学問としての会計史
出典: フリー百科事典『ウィキペディア(Wikipedia)』 (2022/08/03 13:48 UTC 版)
初期の会計史の研究としてリチャード・ダフォーン(オランダ語版)の『商人の鏡』(1635年)があるが、1ページのみだった。単行本としては、ベンジャミン・F・フォスターの『The Origin And Progress Of Book-keeping』(1852年)からとなる。日本では明治期の洋式簿記の導入と同時期に歴史研究が始まり、当初は海外研究の抄訳が多かった。

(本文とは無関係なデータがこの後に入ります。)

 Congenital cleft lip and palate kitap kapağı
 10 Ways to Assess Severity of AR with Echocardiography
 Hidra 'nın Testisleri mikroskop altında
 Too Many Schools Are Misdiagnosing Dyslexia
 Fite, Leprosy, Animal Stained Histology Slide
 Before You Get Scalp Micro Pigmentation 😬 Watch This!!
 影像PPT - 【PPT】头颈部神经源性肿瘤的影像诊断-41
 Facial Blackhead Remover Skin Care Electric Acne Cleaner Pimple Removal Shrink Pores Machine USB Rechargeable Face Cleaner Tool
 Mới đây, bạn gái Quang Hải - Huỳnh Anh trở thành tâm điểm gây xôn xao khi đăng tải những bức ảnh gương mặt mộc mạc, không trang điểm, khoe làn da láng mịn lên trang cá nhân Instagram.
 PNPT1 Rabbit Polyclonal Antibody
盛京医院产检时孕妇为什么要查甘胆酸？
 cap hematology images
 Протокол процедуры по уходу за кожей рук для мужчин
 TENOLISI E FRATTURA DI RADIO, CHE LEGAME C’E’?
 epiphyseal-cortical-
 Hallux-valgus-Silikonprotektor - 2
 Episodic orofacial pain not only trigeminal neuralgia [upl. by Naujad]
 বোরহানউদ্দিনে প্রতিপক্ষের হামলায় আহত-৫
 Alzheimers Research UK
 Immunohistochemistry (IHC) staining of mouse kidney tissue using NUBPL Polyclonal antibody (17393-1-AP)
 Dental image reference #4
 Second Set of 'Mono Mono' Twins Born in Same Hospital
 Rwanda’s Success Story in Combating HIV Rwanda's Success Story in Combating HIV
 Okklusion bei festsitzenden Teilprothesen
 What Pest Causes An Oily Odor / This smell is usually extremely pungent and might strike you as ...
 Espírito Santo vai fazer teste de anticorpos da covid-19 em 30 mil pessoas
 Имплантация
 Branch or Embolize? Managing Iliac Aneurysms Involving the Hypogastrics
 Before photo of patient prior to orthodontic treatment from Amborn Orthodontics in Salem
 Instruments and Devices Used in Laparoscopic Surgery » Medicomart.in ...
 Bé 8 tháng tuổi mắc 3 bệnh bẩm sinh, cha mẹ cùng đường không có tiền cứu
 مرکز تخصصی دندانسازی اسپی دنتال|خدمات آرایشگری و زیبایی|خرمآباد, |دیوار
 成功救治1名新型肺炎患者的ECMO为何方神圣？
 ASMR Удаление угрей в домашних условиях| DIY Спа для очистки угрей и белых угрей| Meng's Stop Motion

初期のものとして曽田愛三郎『学課起源略説』(1878年)や海野力太郎『簿記学起源孝』(1886年)がある。 学会は、1972年にイギリス会計史学会、1973年にアメリカ会計史学会(英語版)、1982年に日本会計史学会が設立された。学術誌としては、アメリカ会計史学会の機関紙「The Accounting Historians Journal(英語版)」(AHJ)が年2回、国際的ジャーナルの「Accounting History(英語版)」(AH)が年4回発行されている。傾向としては、AHJが伝統的な組織を扱い、AHは限定されずにさまざまな組織を扱う。日本では「会計史学会年報」が発行されている他、会計専門学術誌である『會計』にも研究論文が掲載されている。研究者の傾向として、日本では会計プロフェッションを兼務せずに研究者となる割合が多く、海外では公認会計士の研究者が多い。 複式簿記の起源 複式簿記の起源については複数の説があり、特に古代ローマ起源説と中世イタリア起源説に大きく分かれる。ローマ説の根拠としては、会計役の奴隷と主人がおこなっていた代理人簿記を起源とする。中世イタリア起源説は、さらにトスカーナ説、ジェノヴァ説、ロンバルディア説、ヴェネツィア説、各都市国家で同時期に作られた説などに分かれる。 近代以降のヨーロッパの繁栄や産業革命の一因に、複式簿記を含める説がある。しかし、正確な簿記はヨーロッパ以外にも存在しており、複式簿記が誕生したのちもインドや中国をはじめとする地域はヨーロッパよりも繁栄していた。そのためアフリカやアメリカ大陸への進出による鉱物資源の調達、人口増加の解決、工業製品の輸出増などがヨーロッパの繁栄や産業革命の主な原因とされる。